======== Information provided
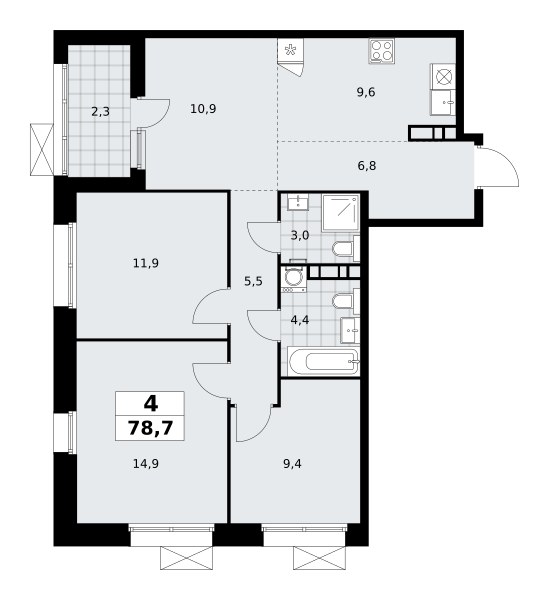 Планировка: 4-комнатная, 78.4 м²
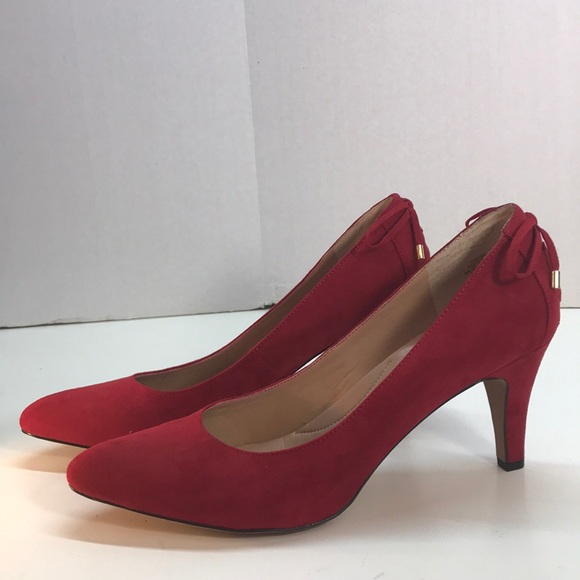 Coach & Four Red SuedeLike PointedToe Heels Sz 10 - Picture 3 of 8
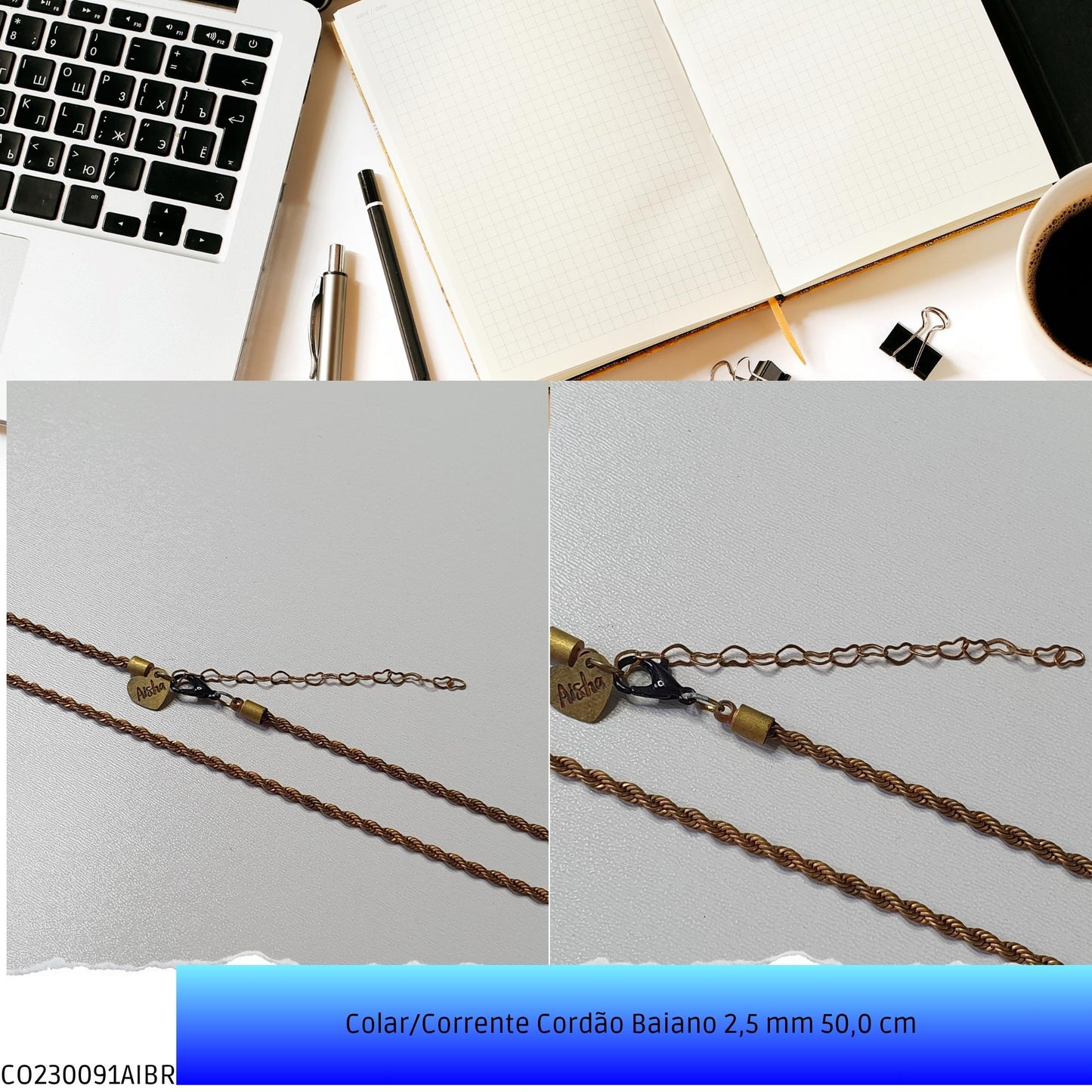 Colar/Corrente Cordão Baiano 2.5 mm 50.0 cm   - Código.: CO230091AIBR  - Peso.: 9.5 gr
================
What you are asked to do: Please print the listing above again word for word, without its pictures.

Result below:
 Планировка: 4-комнатная, 78.4 м²
 Coach & Four Red SuedeLike PointedToe Heels Sz 10 - Picture 3 of 8
 Colar/Corrente Cordão Baiano 2.5 mm 50.0 cm   - Código.: CO230091AIBR  - Peso.: 9.5 gr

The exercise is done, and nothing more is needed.